--- Given data ---

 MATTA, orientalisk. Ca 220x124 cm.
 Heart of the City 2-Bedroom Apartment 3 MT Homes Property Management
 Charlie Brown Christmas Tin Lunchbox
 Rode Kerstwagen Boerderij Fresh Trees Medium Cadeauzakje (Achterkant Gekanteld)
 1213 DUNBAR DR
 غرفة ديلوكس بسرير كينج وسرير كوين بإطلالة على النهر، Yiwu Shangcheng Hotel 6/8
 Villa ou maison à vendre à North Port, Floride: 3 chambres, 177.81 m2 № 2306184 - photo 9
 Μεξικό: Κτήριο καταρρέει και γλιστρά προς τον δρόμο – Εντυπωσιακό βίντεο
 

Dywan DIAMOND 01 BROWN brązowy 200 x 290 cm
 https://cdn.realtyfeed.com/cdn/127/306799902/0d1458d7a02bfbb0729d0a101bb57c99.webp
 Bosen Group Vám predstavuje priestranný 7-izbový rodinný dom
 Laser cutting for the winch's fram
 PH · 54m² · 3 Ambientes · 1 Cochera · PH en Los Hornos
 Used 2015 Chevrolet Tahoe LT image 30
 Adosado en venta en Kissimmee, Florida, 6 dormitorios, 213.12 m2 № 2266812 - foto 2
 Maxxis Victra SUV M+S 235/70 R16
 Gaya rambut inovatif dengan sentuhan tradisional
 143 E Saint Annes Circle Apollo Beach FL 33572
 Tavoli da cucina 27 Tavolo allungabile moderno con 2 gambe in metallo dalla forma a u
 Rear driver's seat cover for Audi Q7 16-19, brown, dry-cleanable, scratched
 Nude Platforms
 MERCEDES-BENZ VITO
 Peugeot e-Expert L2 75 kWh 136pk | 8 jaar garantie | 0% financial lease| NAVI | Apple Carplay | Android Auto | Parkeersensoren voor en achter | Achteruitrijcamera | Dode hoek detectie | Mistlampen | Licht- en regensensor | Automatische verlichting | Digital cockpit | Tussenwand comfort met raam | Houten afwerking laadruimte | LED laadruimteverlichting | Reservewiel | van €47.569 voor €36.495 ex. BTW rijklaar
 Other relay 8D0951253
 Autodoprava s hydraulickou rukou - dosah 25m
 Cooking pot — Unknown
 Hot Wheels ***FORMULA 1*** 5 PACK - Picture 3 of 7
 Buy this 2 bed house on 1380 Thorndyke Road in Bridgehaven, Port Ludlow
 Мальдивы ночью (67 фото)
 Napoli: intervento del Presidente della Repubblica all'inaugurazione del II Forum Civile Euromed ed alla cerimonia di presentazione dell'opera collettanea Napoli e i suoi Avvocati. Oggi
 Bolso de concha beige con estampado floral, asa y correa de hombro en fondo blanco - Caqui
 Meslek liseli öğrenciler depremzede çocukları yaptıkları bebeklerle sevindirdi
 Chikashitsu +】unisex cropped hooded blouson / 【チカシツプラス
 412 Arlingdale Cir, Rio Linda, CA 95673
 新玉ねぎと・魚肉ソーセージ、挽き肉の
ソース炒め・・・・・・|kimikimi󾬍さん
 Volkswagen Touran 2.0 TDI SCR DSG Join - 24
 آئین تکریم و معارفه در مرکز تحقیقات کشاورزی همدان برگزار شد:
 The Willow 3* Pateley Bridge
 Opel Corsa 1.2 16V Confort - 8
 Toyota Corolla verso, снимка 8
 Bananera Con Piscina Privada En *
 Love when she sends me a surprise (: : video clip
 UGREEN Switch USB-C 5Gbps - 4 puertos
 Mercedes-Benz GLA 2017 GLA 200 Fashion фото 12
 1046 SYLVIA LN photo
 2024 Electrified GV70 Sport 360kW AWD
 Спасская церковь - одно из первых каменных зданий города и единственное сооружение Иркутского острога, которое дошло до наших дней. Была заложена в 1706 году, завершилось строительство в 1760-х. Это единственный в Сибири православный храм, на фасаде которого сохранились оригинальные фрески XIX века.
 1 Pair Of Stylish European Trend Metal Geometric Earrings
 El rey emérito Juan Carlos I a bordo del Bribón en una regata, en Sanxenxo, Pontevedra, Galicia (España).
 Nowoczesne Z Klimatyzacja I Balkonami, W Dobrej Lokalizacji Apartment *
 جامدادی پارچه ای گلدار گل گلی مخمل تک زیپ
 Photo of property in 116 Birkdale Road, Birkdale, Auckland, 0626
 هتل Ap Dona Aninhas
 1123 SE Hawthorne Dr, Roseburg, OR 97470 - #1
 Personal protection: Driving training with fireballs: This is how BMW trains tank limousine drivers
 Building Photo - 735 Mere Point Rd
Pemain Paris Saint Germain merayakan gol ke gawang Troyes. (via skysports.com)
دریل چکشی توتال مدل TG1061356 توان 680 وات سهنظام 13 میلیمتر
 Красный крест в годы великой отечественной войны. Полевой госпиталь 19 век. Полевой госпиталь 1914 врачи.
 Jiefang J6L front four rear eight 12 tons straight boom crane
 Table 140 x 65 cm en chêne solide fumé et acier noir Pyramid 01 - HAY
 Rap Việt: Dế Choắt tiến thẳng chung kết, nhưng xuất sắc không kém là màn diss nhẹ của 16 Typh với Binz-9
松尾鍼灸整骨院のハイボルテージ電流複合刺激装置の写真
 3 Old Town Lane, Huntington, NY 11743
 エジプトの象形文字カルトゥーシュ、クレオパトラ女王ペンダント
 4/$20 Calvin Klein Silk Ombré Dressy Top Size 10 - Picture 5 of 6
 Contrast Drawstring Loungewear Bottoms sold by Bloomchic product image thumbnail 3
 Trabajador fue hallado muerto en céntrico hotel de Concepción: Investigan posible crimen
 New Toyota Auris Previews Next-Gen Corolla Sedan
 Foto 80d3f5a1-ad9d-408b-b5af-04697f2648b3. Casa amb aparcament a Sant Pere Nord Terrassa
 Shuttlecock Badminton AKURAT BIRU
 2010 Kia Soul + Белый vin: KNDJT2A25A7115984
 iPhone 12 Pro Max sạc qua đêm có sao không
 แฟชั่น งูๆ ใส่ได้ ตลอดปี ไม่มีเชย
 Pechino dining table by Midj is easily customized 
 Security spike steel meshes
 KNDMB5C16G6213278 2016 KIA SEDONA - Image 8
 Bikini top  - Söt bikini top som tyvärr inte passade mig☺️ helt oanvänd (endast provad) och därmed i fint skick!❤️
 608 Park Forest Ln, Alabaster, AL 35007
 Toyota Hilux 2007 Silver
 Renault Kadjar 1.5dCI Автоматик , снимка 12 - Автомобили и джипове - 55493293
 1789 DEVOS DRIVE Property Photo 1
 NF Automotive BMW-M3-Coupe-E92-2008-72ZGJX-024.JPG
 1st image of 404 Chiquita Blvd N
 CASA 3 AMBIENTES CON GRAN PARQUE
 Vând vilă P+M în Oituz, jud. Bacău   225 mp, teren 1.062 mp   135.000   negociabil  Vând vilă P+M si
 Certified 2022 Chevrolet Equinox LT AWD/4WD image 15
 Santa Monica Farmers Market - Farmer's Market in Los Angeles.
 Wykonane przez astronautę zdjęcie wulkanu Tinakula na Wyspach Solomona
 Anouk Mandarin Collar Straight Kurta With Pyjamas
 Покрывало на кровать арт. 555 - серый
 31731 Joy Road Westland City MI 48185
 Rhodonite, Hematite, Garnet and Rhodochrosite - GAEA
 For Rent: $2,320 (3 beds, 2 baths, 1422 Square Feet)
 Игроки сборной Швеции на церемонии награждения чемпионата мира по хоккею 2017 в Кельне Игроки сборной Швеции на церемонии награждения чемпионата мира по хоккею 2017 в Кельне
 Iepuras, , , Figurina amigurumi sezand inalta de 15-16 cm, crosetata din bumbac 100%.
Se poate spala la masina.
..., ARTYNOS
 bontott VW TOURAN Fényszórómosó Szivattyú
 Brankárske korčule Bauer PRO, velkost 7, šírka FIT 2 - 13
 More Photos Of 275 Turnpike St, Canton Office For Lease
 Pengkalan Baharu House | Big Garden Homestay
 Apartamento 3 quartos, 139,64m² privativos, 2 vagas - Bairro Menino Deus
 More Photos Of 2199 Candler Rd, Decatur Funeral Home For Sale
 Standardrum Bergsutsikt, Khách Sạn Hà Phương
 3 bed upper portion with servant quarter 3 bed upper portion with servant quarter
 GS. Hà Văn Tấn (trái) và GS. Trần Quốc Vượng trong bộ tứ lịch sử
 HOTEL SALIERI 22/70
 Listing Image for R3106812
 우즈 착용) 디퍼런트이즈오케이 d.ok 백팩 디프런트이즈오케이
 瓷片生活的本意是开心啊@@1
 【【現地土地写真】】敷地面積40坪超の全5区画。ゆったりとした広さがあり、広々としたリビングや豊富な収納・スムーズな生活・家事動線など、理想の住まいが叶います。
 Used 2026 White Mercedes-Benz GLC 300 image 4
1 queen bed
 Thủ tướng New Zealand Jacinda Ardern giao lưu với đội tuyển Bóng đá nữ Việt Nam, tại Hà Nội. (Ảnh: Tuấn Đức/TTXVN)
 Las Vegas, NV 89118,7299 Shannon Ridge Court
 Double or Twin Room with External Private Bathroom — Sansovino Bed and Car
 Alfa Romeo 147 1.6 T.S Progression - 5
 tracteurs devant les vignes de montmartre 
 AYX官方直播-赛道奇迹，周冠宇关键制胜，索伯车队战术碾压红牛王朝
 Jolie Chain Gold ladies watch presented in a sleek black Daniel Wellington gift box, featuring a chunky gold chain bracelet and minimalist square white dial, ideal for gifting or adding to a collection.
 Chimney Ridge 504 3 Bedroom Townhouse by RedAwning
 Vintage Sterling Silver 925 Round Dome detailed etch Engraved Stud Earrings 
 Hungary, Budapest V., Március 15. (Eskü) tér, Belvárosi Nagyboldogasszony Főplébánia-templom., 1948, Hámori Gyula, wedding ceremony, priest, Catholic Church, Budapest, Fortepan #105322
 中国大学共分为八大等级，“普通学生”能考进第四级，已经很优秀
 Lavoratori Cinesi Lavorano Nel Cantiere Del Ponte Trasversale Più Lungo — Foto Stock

---

— What needs to be done —
From the line containing "Other relay 8D0951253" down to the line containing "Мальдивы ночью (67 фото)" in the material above, reproduce every line exactly, including the two end lines.

— Solved problem —
 Other relay 8D0951253
 Autodoprava s hydraulickou rukou - dosah 25m
 Cooking pot — Unknown
 Hot Wheels ***FORMULA 1*** 5 PACK - Picture 3 of 7
 Buy this 2 bed house on 1380 Thorndyke Road in Bridgehaven, Port Ludlow
 Мальдивы ночью (67 фото)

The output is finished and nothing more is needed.